Diante da aprovação da vacina de Pfizer e da Moderna nos Estados Unidos e no Reino Unido, a lucratividade dessas empresas passou a incorporar o “espantalho” construído pelos descrentes do capitalismo - principalmente após a informação de que a vacina não seria vendida a preço de custo.

“Se a Pfizer tivesse aberto mão do lucro com todos os outros medicamentos que já fez, não teria acumulado os bilhões de dólares necessários para redirecionar todas as suas linhas de pesquisa internas para desenvolver a vacina contra a Covid-19. Tendo direcionado todo o seu lucro para produzir essa tecnologia, a empresa precisa se manter sustentável”, explica Davi Lyra Leite.

Comparando com a crise da escassez de insulina e penicilina no Brasil, ocasionada por conta de uma série de mudanças nas permissões dadas aos laboratórios produtores, Leite explica que o lucro das empresas privadas serve para protegê-las de “choques externos”, reduzindo a oscilação do preço final. “Se acontece um terremoto na China ou um problema de linha de transmissão nos Estados Unidos, essa reserva financeira garante que o ônus seja menor para o paciente. É preciso considerar a oscilação temporal em anos, não apenas em meses”, defende.

Perigo autoritário

Para Brito, a visão de que as empresas privadas não têm qualquer responsabilidade social é ultrapassada. Some-se a isto a crítica recorrente aos planos de distribuição da vacina contra a Covid-19, acusados de “favorecer os mais ricos”. “Neste exato momento, as empresas privadas estão servindo muito mais como um contrapeso aos nacionalismos exacerbados do que estimulando disparidades. A distribuição das vacinas pelo mundo é mais equânime por conta das empresas privadas – vide as vacinas da Pfizer e Moderna sendo vendidas para vários países. Cabe, sim, aos Estados nacionais distribuir internamente e determinar prioridades”, defende o médico.

Ao contrário, o efeito prático de se ter menos liberdade pode recair, justamente, sobre a distribuição da cura. “Os Estados nacionais também têm interesses – e podem ser tão difíceis de justificar moralmente quanto a busca do lucro.
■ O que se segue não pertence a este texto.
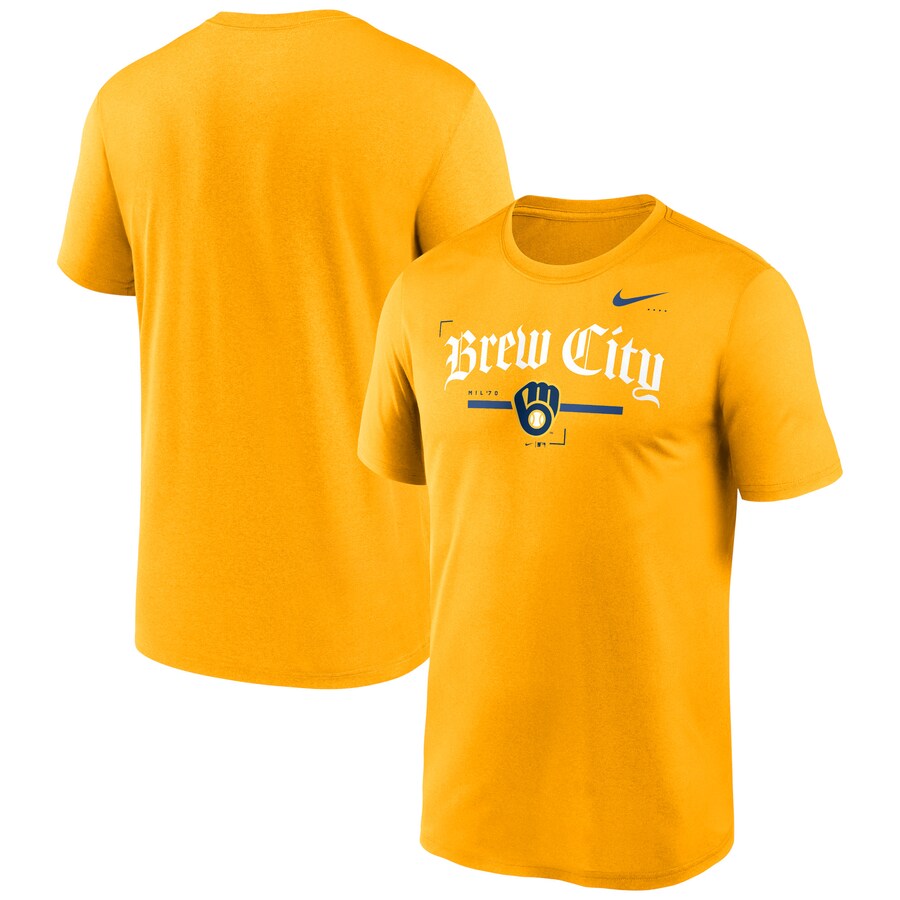 Men's Milwaukee Brewers Nike Gold Local Legend Practice Performance T-Shirt - Puhuasuan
Imagina se a China fosse o único país do mundo a desenvolver a vacina, sem esse ambiente de ampla concorrência?”, questiona Brito. “Mais do que definir se a melhor vacina foi feita em um laboratório público ou privado, a garantia da liberdade de mercado - sem favorecimentos - para que todos façam suas pesquisas e comercializem seus produtos é o que garante o avanço científico”.

Transparência e democracia

Há que se considerar, por fim, a transparência do processo através do qual as vacinas foram produzidas. Enquanto os imunizantes da Pfizer/BioNTech, da Moderna e da AstraZeneca/Oxford já passaram da fase 3 dos testes, a Coronavac segue sem ter seus resultados finais divulgados.

“Quando não há o escrutínio estatal em todas as fases do processo, é preciso atender às solicitações do público, que pede por muito mais garantia de eficácia e segurança. Se tudo depende apenas do selo de aprovação do regulador, há menos incentivo para que se divulgue os valores verdadeiros”, explica Leite.